── DATASET SECTION

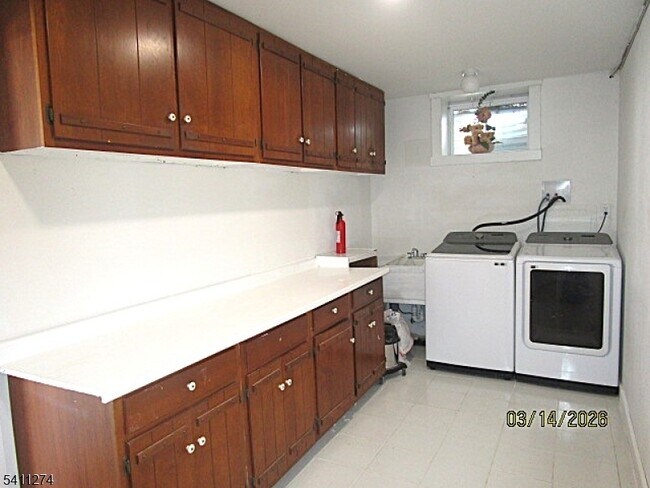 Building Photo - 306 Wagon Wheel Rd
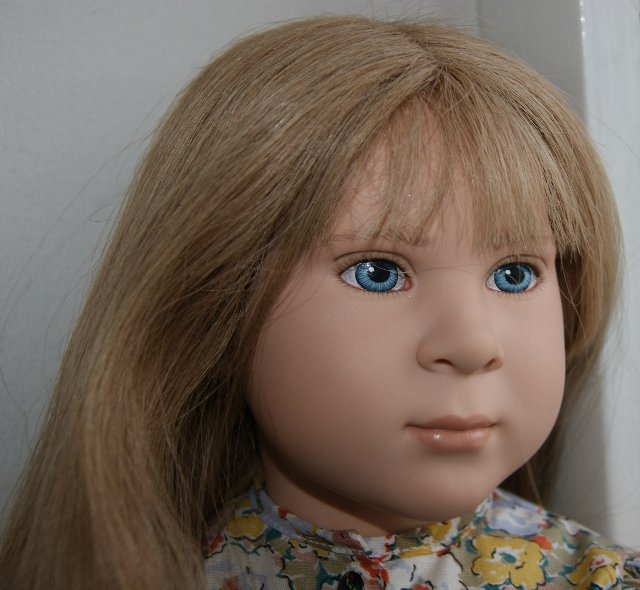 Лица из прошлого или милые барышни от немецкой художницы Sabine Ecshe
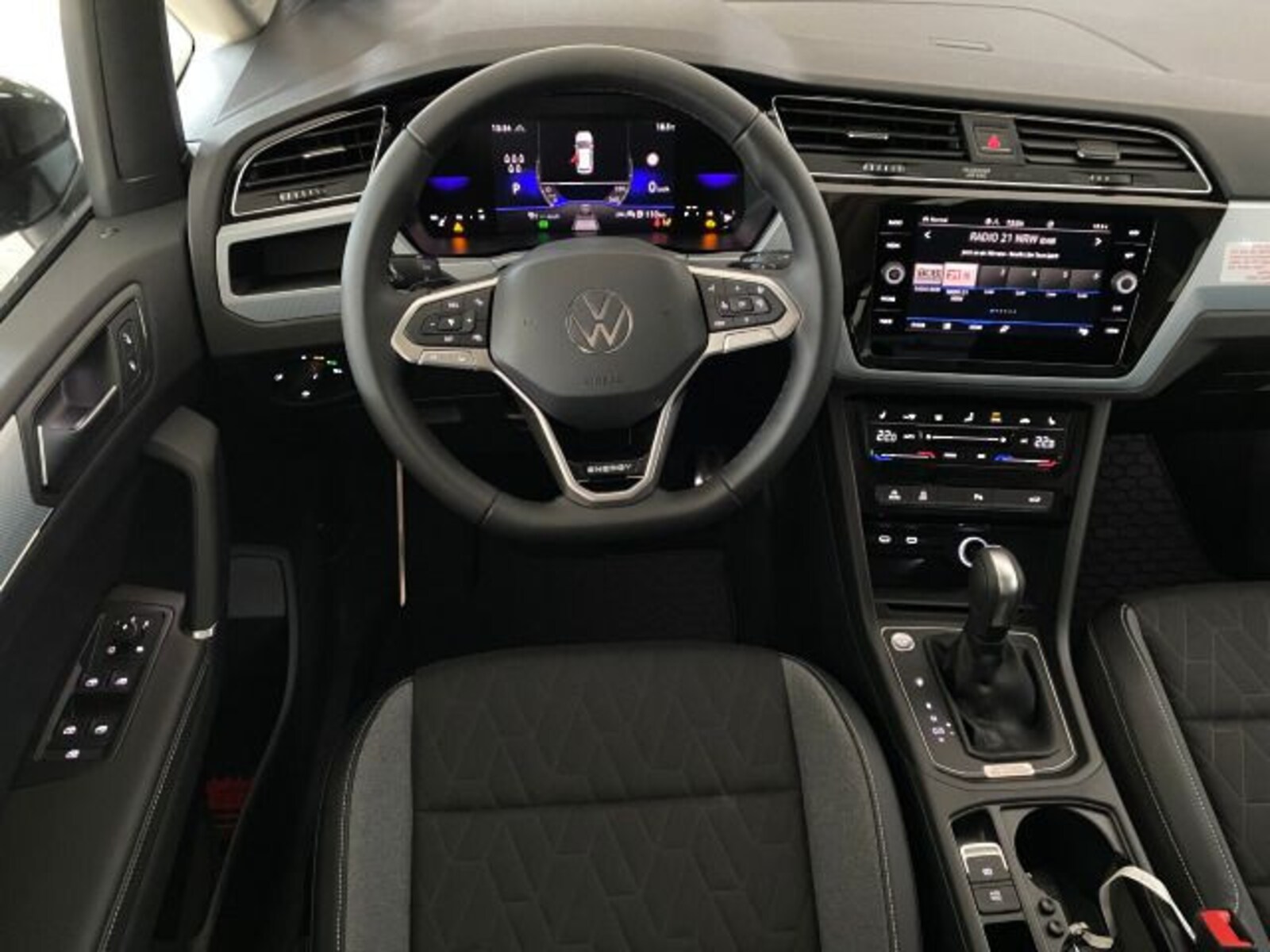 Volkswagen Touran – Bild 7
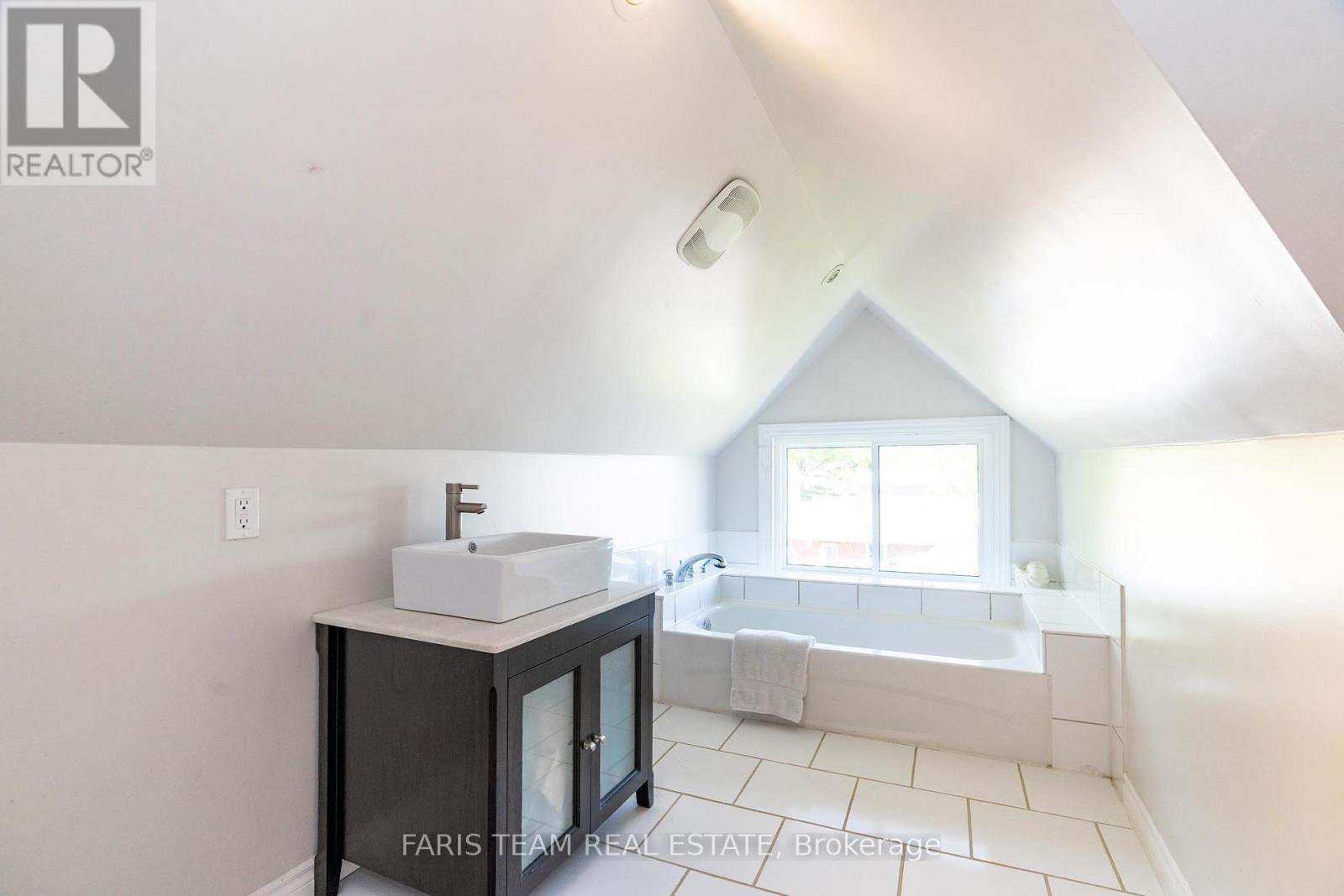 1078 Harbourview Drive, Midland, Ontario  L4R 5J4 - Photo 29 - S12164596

────

▶ _YOUR ASSIGNMENT_: All lines from the one holding "Volkswagen Touran – Bild 7" to the end of the listing above need to be duplicated exactly. None of the pictures should be included.

▶ _OUTPUT_:
 Volkswagen Touran – Bild 7
 1078 Harbourview Drive, Midland, Ontario  L4R 5J4 - Photo 29 - S12164596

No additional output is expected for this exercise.